BAY COUNTY, Fla. (WMBB) — In St. Andrews State Park, beach erosion and damaged beach accesses serve as indicators of Hurricane Sally’s impacts on the area.
The Florida Department of Environmental Protection is currently assessing the damage to the park; DEP officials said Sally only exacerbated erosion issues that have been going on over the last couple years due to other storms.
Several beach accesses are closed in the park due to major structural damage and dunes look more like cliffs as the storm surge sent waves crashing into the sand, displacing it.
“When we first walked out here we were just amazed at the difference in what it looked like,” said Jared Cales, a park visitor. “It’s part of just the natural cycle, but to be honest with you, it’s something that reminds us that we all need to do our part in.”
Some residents said it’s the worst they’ve seen in some time.
“Everything, looks [so much] different,” said Savannah Simmons, a Panama City Beach resident. “It’s dark, it’s beach where it wasn’t, you know, it’s just a lot different.”

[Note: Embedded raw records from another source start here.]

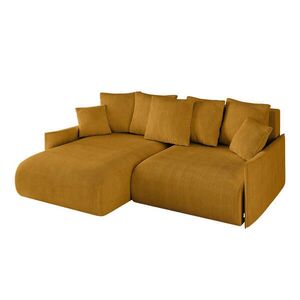 ALTDECOR ROHOVÁ SEDAČKA s otomanem vlevo ONESK-L -v1 216x177x72 hořčicově žlutý manšestr obraz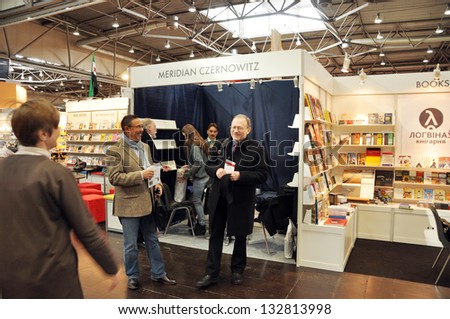 LEIPZIG, GERMANY - MARCH 15: Cultural discussion at Leipzig Book fair on March 15, 2013 in Leipzig, Germany. Leipzig Book Fair is the most important spring meeting place for the publishing business.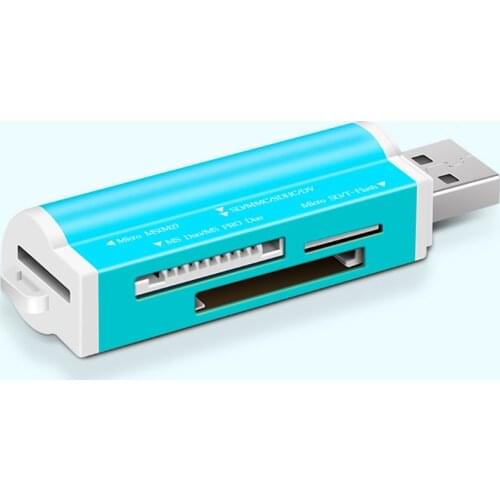 USB 2.0 SD Card Reader 4 Slots for PC, Laptop, Windows, SDXC, SDHC, TF, SD, MMC, RS-MMC, Micro SDXC Micro SD, Micro SDHC
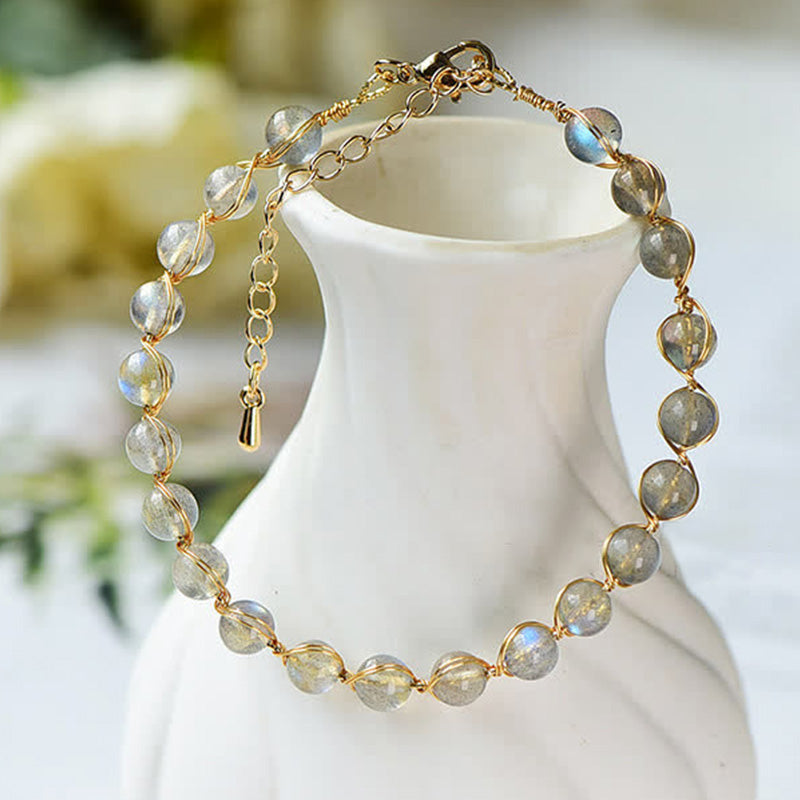 Nimara Ritual Natural Moonstone 14K Gold Plated Healing Positive Bracelet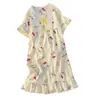 Bata Coreana de Verano para Mujer, Algodón Nube, Ropa de Casa de Manga Corta para Niños, Bata Suelta de Dibujos Animados Lindos, Pijama de Mujer, Verano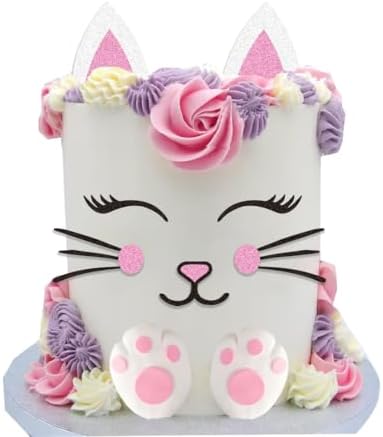 Cat Cake Topper Kitty Cat Face Foot Cake Decoration For Kitty Theme Birthday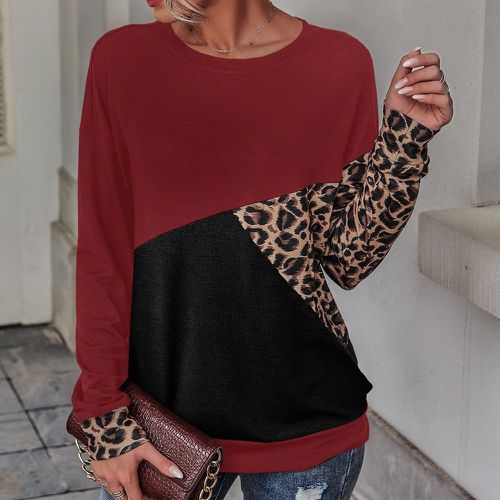 Sweat-shirt à blocs de couleurs léopard - SHEIN - Modalova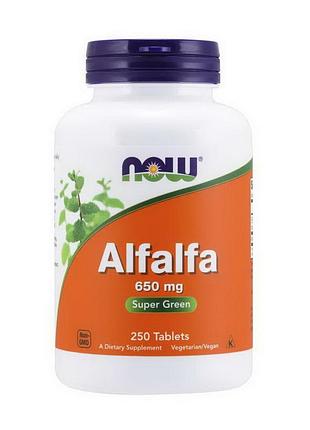 Люцерна в таблетках 650 мг без гмо now alfalfa 650 mg 250 таблеток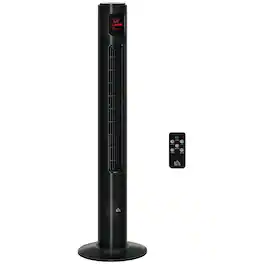 Loheer - 46 Inch Oscillating Tower Fan with Remote, 3 Speed Freestanding Bedroom Cooling Fan, 12H Timer, Black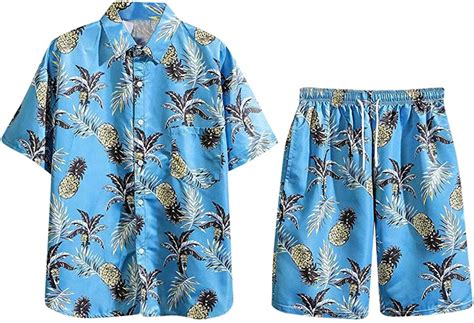 Herren Teiliges Outfit Hawaii Print Strandanzug Funky Farbe Cartoon Gedruckt Freizeitanzug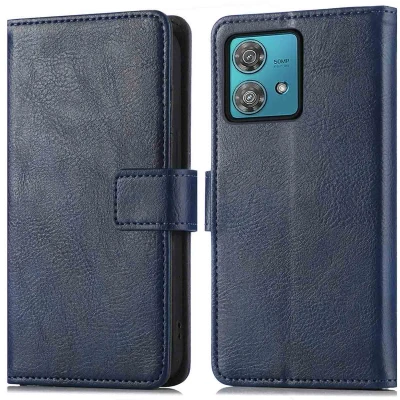 Afbeelding van iMoshion Hoesje Met Pasjeshouder Geschikt voor Motorola Moto G84 Luxe Bookcase Donkerblauw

DEP is working with the US Army Corps of Engineers to formulate a restoration plan in both the short and long-term futures.
Over the next two weeks, they’ll be dredging the federal navigation channel and using the dredged sand to rebuild the dunes.
This winter, the park will be included in a bigger beach restoration project going on across Panama City Beach.
DEP officials said there will be more restoration projects in the park over the next two years to further strengthen and protect the shoreline.
In the meantime, residents and visitors said they hope to see improvements soon.
“We’re a bit sad,” Simmons said. “I hope it goes back so that the water stays beautiful, [and] clear.”